The three main auditors are
Many more are possible, for instance, there’s a TreeAuditor
in aloha-core
’s src/test/scala
directory
that encodes scores in trees.
Creating an AvroScoreAuditor
import com.eharmony.aloha.audit.impl.avro.AvroScoreAuditor
// Specify the type parameter. Could be something else beside Double
val optAuditor: Option[AvroScoreAuditor[Double]] = AvroScoreAuditor[Double]
val auditor = optAuditor.get
Creating a Protocol Buffer ScoreAuditor
import com.eharmony.aloha.audit.impl.proto.ScoreAuditor
// Specify the type parameter. Could be something else beside Double
val optAuditor: Option[ScoreAuditor[Double]] = ScoreAuditor[Double]
val auditor = optAuditor.get
Creating an OptionAuditor
import com.eharmony.aloha.audit.impl.OptionAuditor
// Specify the type parameter.

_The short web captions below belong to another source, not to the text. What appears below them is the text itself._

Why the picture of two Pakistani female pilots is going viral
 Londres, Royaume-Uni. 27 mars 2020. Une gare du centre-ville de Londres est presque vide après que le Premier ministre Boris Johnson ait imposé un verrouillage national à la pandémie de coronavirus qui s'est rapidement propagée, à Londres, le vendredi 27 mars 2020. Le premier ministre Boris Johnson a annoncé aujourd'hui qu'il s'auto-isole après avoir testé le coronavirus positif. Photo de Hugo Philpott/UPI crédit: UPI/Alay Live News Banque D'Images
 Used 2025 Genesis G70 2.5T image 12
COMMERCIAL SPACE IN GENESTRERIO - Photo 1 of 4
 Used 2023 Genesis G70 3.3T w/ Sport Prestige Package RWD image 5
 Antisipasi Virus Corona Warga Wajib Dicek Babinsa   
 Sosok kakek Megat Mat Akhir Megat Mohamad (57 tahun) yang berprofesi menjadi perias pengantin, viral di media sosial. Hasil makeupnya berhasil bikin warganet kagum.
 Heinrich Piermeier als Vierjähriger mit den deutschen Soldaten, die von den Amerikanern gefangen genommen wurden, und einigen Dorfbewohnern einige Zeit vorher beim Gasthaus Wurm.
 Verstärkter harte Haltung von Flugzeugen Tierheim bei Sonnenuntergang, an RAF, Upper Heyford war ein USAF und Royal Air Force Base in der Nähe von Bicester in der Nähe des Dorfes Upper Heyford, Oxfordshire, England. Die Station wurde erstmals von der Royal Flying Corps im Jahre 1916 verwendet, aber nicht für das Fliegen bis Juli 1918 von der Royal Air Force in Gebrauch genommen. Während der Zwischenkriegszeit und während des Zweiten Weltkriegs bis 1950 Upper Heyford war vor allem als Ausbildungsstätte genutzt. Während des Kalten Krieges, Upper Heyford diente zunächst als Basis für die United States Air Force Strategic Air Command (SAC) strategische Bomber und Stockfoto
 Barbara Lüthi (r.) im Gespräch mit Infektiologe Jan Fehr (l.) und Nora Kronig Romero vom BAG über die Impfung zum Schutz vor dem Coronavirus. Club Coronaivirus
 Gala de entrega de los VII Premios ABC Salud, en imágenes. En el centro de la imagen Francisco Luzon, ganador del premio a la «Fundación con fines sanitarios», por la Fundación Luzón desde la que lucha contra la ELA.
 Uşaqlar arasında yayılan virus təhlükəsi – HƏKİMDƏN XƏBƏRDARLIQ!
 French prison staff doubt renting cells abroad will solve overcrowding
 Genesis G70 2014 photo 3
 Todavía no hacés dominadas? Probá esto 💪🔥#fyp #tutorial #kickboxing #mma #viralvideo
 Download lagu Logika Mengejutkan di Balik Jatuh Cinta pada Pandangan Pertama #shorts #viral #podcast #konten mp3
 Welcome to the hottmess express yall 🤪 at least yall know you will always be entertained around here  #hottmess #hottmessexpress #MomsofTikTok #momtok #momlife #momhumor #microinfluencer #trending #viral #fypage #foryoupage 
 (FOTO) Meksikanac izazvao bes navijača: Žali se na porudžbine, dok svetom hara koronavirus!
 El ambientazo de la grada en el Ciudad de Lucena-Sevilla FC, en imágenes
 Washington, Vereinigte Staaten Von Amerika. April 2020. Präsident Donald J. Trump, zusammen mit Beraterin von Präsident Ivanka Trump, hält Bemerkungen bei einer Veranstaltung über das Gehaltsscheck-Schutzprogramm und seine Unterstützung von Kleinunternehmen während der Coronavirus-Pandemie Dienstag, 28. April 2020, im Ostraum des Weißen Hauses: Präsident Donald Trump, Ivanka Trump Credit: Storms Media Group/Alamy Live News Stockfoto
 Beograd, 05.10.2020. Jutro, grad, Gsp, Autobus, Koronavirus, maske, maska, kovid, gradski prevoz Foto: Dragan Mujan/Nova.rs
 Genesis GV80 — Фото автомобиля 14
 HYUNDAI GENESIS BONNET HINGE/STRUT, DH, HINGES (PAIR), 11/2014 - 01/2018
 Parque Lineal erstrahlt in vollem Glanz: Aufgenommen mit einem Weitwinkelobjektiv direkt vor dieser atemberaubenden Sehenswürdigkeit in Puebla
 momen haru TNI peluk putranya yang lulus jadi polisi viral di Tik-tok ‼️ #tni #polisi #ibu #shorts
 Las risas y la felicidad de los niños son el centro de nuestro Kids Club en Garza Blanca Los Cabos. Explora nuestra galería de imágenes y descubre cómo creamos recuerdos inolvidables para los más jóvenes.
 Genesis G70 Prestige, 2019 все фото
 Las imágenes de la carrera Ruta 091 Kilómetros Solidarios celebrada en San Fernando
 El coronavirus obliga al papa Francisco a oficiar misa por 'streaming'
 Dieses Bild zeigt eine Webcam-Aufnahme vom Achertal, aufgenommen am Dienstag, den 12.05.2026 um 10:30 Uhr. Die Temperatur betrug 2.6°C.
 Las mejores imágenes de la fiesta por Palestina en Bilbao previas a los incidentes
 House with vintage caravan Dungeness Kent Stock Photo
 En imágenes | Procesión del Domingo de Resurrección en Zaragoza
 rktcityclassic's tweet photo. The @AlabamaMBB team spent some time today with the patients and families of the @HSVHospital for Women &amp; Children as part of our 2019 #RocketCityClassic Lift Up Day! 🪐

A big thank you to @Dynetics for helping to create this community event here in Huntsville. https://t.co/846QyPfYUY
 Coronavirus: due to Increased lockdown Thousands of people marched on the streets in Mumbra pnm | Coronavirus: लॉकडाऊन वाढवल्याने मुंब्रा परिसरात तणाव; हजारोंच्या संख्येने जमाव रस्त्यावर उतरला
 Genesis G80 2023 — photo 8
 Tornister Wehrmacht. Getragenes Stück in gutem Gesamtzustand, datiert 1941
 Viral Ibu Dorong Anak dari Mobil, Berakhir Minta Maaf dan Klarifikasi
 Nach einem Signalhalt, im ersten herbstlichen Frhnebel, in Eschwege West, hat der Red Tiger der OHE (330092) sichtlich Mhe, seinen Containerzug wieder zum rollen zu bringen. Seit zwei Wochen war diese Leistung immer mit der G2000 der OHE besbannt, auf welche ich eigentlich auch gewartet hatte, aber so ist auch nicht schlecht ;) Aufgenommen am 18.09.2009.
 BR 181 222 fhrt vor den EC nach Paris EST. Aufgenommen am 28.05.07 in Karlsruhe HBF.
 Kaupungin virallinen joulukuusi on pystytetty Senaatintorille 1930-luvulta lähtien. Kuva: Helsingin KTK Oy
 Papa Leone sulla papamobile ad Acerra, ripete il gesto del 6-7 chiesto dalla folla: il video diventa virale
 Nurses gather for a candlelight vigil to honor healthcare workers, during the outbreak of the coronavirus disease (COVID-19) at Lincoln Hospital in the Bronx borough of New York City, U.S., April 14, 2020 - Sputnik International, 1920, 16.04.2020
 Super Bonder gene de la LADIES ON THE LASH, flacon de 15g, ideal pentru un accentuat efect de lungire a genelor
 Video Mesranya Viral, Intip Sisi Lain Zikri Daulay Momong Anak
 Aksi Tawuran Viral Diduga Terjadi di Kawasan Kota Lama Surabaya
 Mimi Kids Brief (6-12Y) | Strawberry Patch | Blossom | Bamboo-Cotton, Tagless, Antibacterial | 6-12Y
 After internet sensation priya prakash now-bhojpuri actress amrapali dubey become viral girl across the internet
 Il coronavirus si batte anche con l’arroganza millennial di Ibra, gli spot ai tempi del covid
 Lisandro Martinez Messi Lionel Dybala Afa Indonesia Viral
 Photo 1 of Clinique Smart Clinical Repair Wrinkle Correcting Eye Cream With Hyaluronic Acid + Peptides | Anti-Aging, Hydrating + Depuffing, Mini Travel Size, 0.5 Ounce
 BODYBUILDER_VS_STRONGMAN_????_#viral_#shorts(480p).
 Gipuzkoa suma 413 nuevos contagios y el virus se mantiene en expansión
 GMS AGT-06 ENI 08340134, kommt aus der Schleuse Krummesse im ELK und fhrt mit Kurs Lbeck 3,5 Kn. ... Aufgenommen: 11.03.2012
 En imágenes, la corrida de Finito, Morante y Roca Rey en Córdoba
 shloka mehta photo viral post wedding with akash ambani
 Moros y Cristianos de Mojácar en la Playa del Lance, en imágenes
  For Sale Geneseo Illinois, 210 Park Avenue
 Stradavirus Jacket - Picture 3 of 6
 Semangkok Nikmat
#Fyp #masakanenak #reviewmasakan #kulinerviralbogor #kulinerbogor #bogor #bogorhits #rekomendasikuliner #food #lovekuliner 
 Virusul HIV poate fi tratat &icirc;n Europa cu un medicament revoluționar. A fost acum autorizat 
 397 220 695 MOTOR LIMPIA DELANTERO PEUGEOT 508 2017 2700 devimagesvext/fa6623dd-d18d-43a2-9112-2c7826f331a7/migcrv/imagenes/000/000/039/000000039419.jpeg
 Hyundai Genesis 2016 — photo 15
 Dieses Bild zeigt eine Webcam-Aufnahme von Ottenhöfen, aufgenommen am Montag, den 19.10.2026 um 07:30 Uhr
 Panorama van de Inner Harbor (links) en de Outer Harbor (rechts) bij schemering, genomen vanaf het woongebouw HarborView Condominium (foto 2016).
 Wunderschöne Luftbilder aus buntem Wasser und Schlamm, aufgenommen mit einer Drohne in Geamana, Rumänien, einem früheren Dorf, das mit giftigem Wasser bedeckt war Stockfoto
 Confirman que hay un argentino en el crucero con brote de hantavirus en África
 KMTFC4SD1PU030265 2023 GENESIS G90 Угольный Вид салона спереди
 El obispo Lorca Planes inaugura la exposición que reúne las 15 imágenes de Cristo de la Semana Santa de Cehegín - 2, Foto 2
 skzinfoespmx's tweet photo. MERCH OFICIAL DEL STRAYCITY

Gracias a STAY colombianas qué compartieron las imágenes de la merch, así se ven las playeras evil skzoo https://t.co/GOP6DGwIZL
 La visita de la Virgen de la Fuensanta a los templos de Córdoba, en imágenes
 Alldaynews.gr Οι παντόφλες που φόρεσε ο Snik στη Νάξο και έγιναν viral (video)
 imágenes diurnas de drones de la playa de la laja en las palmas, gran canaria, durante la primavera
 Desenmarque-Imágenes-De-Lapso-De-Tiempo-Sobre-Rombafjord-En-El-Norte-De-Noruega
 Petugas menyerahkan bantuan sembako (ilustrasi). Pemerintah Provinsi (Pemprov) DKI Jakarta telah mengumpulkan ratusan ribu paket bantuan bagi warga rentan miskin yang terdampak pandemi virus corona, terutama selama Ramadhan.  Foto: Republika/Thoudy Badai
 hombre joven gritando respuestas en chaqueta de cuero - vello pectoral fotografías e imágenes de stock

Could be something else beside Float
val auditor = OptionAuditor[Double]()
ModelFactory
Model factories are provide the mechanism to parse an external JSON model definition. To create, we need a
semantics and auditor as explained above. Once we have these, we can create model factory very easily.
ModelFactory.defaultFactory
finds all model definitions on the class path (via class path scanning)
and allows these types of models to be parsed.
import com.eharmony.aloha.factory.ModelFactory
val modelFactory = ModelFactory.defaultFactory(semantics, auditor)
Models
Models are the components that make predictions. They are easy to create, given a model factory:
import com.eharmony.aloha.audit.impl.OptionAuditor
import com.eharmony.aloha.semantics.compiled.CompiledSemantics
import concurrent.ExecutionContext.Implicits.global
import com.eharmony.aloha.semantics.compiled.plugin.csv.CompiledSemanticsCsvPlugin
import com.eharmony.aloha.semantics.compiled.plugin.csv.CsvTypes.IntType
import com.eharmony.aloha.semantics.compiled.plugin.csv.CsvLines
val modelFile = {
import java.io.File
val alohaRoot = new File(new File(".").getAbsolutePath.replaceFirst("/aloha/.*$", "/aloha/"))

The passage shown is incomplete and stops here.